Various banks, and in particular the major banks, have in recent years marketed that customers can get repayment on their loans by putting the installments into one of the funds the bank sells. This is what banks call housing-funded savings. The idea is actually quite simple and it can be good in the long run.
A mutual fund will give you a better return
Thus, the customer will be able to earn 0-3% of the saved amount each year. Instead of paying off the loan, the customers put the money they would have paid off into a fund. The cost is the borrowing rate, the income is the return on the stock market. In the long run, it is very likely that the stock market will yield better returns than the mortgage rate. Therefore, the expectation is that this is profitable, but it is not risk-free at all.

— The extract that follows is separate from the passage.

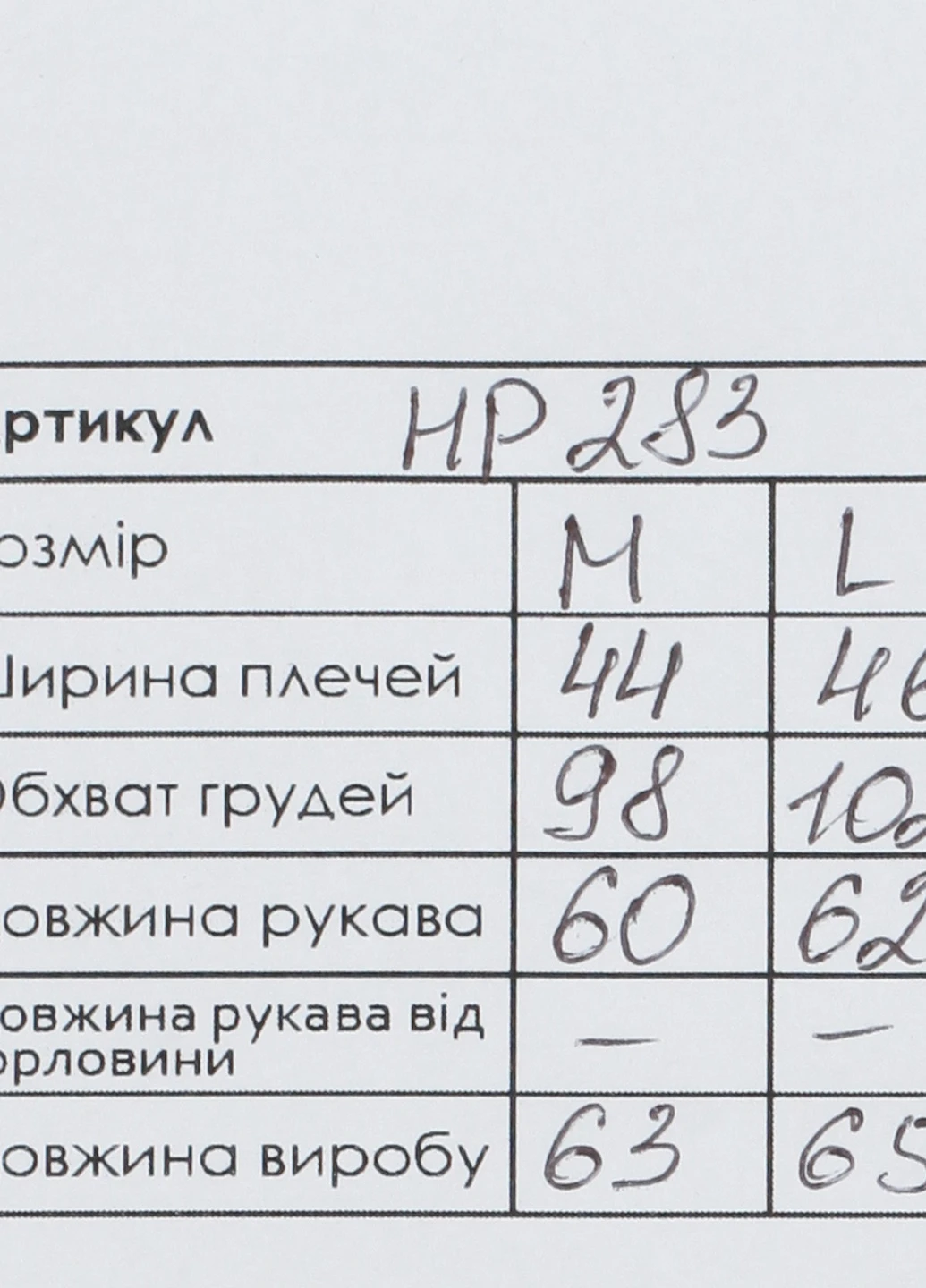 Худі Hope (253926839)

The scheme is not a focus of focus. Paying off loans is saving. Instead of saving by repaying the loan, you save in something else. However, if you opt for installment relief and instead save in equity funds, you must be aware that you are financing your equity savings loan. And you also have to be aware that banks’ arguments are not always entirely fair. You often operate with fantasy returns in the stock market.
That way, this may look better than it is.
It is the historical excess return in the stock market that you can expect to earn in the long run. It is 4-6%. This is what the stock market has historically given on average more than society’s risk-free interest per year. The loan interest rate is often 1-2% above the risk-free interest rate. In addition, the costs of the equity fund will also eat up.
The costs of a mutual fund are on average around 1-2% per year. Thus, there are 0-3% you can expect to earn annually. Let’s take an example: You have a series loan of 1 million over 20 years. This means that you will initially pay NOK 50,000 in the installment per year.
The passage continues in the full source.